- Available data:
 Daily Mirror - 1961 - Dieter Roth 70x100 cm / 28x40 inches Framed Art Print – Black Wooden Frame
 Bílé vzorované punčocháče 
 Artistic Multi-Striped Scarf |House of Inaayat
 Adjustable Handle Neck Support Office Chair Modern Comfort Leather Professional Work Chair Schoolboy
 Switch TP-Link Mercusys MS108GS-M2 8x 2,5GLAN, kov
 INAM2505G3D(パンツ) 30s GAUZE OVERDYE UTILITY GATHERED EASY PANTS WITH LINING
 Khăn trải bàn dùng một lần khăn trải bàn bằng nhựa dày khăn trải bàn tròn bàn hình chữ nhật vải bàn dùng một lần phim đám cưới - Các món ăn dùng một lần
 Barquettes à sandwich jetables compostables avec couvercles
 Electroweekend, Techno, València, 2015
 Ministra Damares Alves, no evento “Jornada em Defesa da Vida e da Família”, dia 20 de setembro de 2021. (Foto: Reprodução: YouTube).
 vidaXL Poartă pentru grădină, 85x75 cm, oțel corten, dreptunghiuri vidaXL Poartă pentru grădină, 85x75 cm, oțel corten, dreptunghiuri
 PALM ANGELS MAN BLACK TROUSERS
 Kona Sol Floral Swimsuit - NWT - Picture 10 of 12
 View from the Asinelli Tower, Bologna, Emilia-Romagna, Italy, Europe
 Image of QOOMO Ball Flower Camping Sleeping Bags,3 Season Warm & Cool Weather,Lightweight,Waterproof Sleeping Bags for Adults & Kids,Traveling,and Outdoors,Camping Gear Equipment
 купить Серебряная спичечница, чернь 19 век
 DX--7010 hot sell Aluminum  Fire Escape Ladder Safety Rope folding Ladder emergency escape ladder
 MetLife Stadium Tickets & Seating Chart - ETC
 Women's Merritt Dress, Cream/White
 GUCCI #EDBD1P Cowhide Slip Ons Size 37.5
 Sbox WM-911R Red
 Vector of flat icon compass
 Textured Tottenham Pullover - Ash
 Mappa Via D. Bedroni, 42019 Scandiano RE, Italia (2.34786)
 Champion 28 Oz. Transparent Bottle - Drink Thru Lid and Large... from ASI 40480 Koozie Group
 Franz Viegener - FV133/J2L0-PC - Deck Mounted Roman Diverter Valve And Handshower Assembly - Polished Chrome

- What to do: Take the listing above from its first line through the line containing "Switch TP-Link Mercusys", and transcribe that stretch exactly, with no other lines.

- Answer to this exercise:
 Daily Mirror - 1961 - Dieter Roth 70x100 cm / 28x40 inches Framed Art Print – Black Wooden Frame
 Bílé vzorované punčocháče 
 Artistic Multi-Striped Scarf |House of Inaayat
 Adjustable Handle Neck Support Office Chair Modern Comfort Leather Professional Work Chair Schoolboy
 Switch TP-Link Mercusys MS108GS-M2 8x 2,5GLAN, kov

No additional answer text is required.